Sebenarnya apa bedanya antara pesimis, berpikir realistis, dan bersyukur? Ya, secara makna, ketiga istilah ini masing-masing punya arti berbeda. Tapi kalau dipikir-pikir, nggak terlalu berbeda, ketiganya punya persamaan, sama-sama pasrah dengan keadaan yang ada dan sama-sama agar kita nggak terlalu kelewatan berekpektasi. Meski memang, pesimisme dianggap sebagai kata yang negatif, jelek untuk dipakai.

Apapun itu, sikap pesimisme juga bisa memandu kita untuk mencapai yang namanya kebahagiaan. Ada sebuah rumus, bahwa kebahagiaan itu merupakan hasil dari realita yang dibagi dengan ekpektasi. Jadi, cara untuk berbahagia adalah dengan mengubah realita agar sesuai ekpektasi, lebih bagus lagi melebihinya, atau yang paling mudah adalah dengan menurunkan ekpektasi kita.

Ini dinamakan pesimisme atau apa, yang pasti masih ada kearifan yang bisa dipetik lewat sudut pandang melihat bahwa sebuah gelas itu setengah kosong, ketimbang setengah terisi. Pesimisme adalah bentuk pertahanan diri kita dari penyesalan, agar tidak terlalu kecewa ketika mendapat kegagalan.

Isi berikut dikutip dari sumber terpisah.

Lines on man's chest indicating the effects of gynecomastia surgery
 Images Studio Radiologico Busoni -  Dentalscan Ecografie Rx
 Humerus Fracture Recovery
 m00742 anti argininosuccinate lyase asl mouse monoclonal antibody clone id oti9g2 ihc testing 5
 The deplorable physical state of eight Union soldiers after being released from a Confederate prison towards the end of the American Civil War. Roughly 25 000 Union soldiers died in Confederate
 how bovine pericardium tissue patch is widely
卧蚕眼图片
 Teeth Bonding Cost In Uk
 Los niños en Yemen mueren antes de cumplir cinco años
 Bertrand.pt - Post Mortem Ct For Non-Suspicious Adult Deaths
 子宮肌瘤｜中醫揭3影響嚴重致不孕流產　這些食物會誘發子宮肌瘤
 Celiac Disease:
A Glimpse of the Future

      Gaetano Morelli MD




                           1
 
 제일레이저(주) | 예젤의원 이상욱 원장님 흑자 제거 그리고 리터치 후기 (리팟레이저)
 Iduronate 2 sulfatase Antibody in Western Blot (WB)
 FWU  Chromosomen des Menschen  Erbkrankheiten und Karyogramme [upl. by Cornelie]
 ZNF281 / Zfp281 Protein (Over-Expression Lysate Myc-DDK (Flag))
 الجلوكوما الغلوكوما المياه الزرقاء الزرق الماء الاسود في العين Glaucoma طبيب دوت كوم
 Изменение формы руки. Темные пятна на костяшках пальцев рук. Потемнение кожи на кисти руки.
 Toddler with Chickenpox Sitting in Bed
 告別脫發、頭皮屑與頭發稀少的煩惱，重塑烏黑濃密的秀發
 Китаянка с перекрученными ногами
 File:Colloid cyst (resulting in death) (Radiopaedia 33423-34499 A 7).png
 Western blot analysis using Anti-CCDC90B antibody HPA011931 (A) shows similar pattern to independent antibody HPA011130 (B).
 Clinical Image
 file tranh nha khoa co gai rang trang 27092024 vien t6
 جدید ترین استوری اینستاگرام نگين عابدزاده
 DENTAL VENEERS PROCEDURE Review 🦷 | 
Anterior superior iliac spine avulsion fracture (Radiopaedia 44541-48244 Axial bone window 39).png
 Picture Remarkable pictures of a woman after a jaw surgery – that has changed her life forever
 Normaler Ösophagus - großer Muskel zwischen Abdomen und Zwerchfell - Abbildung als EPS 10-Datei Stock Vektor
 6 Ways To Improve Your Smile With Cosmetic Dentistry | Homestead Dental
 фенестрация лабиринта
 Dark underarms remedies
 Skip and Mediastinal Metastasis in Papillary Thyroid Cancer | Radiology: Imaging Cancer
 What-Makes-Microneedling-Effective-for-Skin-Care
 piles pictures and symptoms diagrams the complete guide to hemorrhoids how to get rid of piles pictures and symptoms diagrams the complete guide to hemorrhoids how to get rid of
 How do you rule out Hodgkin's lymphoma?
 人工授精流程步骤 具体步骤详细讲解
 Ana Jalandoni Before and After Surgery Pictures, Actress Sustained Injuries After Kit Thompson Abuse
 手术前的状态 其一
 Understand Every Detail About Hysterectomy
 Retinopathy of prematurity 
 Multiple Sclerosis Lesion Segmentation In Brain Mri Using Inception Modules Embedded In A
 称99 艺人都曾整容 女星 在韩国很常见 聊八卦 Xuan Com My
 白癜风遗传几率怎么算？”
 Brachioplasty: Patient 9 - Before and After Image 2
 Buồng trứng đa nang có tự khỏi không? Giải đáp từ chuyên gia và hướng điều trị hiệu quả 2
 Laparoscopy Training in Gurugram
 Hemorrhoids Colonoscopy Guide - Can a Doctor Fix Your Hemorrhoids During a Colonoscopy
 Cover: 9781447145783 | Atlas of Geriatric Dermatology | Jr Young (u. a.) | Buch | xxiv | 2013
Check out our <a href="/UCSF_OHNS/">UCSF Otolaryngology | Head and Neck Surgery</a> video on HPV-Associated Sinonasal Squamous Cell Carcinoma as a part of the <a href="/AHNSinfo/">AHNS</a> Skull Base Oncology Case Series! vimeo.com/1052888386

Hari ini sungguh menyebalkan, besok dan seterusnya mungkin akan lebih buruk lagi, maka inilah hidup, alhamdulillah-nya saya masih bisa hidup. Lantas apa yang salah dengan pikiran semacam ini?

10 tanggapan untuk “Kearifan Pesimisme”

Mungkin dalam sebuah rentang, pesimis itu ekstremnya kali ya. Di tengah-tengah ada realistis, sebelah sananya lagi bersyukur, sampai ke paling ujung sebelah sana (entah sana yang mana) ada optimis buta, sudah tahu tembok masih juga ditabrak :hehe. Tinggal di sebelah mananya saja kita mesti menempatkan diri, itu bergantung pada kearifan dan pengalaman kali ya Mas :hehe.

Jadi ini maksudnya kita harus berpikir rugi dulu, kalau ternyata hasilnya untung, nah di situ letak kebahagiaannya.. Pikiran seperti ini sering dipakai sih, karena seringnya yg diharapkan malah gak tercapai.